Key Laboratory of Water and Sediment Sciences of Ministry of Education / State Key Laboratory of Water Environment Simulation, School of Environment, Beijing Normal University, Beijing, 100875, China.
Shenzhen Engineering Research Laboratory for Sludge and Food Waste Treatment and Resource Recovery, Tsinghua Shenzhen International Graduate School, Tsinghua University, Shenzhen, 518055, China; Environmental Engineering Research Centre, Department of Civil Engineering, The University of Hong Kong, Pokfulam, Hong Kong, China.
Environ Res. 2024 Dec 1;262(Pt 1):119856. doi: 10.1016/j.envres.2024.119856. Epub 2024 Aug 27.

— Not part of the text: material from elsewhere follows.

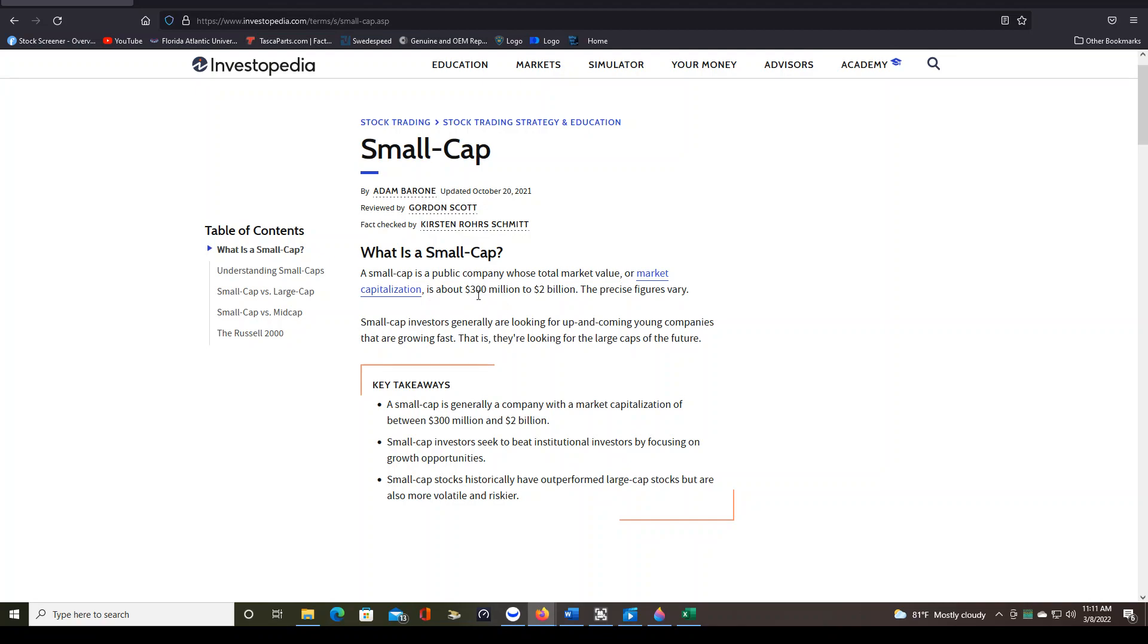So these are the criteria that fit into the small cap stocks, a market capitalization of $300 million to $2 billion, and it explains what the key takeaways are with small cap stocks. Like they've historically outperformed large cap stocks, but are more volatile and riskier.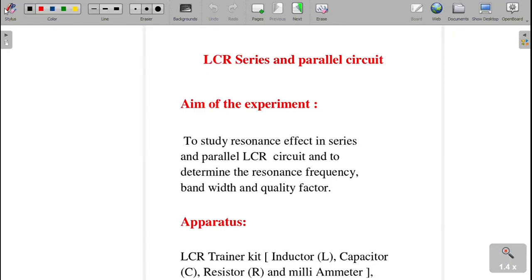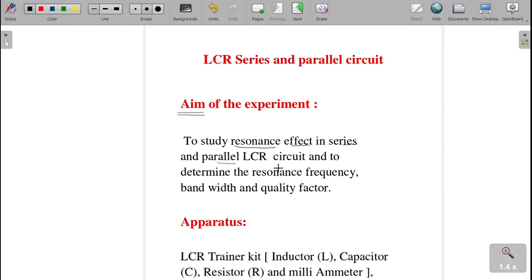In this video I am going to explain LCR series and parallel circuit viva questions and answers. For any experiment, the preferred viva questions cover the aim, apparatus required, formula, and basic principle. The aim of this experiment is to study the resonance effect in series and parallel LCR circuits, and to determine resonant frequency (fr), bandwidth (Δf), and quality factor (Q).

Artificial biomanufacturing has been developed as a promising biotechnology for water pollution control. Effective bioimmobilization techniques are limited in application because of low productivity and the difficulty in achieving both mechanical strength and biocompatibility. Bioprinting technology, using biomaterials as bioink to enable the rapid on-demand production of bioactive structures, opens a new path for bioimmobilization. In this study, mimicking extracellular polysaccharide and protein of aerobic granular sludge (AGS), sodium alginate (SA) and silk fibroin methacryloyl (SilMA) were developed as the dual-component bioink with a suitable viscosity for bioprinting hydrogel. Interpenetrating network (IPN) hydrogel beads were manufactured using 1.5% (w/v) SA combined with 20% (w/v) SilMA through physical and covalent crosslinking, which exhibited excellent structural stability and bioactivity. The addition of SilMA provided a solution to the poor mechanical stability of SA-Ca hydrogels limited by Ca-Na ionic exchange. The unique structure of SilMA contributed to the reduction of hydrogel swelling as well as the prevention of SA loss. IPN hydrogels showed a swelling rate of less than 20% compared to the high swelling rate of more than 60% for SA hydrogels. On the other hand, SA controlled the hardening induced by excessive self-assembly of SilMA and improved mass transport in SilMA hydrogels. Compared to IPN hydrogels, SilMA hydrogels experienced a 15% volumetric shrinkage and exhibited a low water content of 92%. Sonication pretreatment of the dual-component bioink not only increased the intermolecular chain entanglement to form IPN, but also led to β-sheet content in SiMA reaching 46%-48%, which resulted in the formation of stable IPN hydrogels dominated entirely by physical crosslinking. Satisfactory proliferation and viability were achieved for the encapsulated bacteria in IPN hydrogels (μ 1.49-2.18 d). Further, the IPN biohydrogels could maintain structural stability as well as achieve pollutant removal for treating synthetic wastewater with high Na concentration of 300 mg/L. The novel SA/SilMA hydrogel bioprinting strategy established in this study offers a new direction for bioimmobilization in water pollution control and other environmental applications.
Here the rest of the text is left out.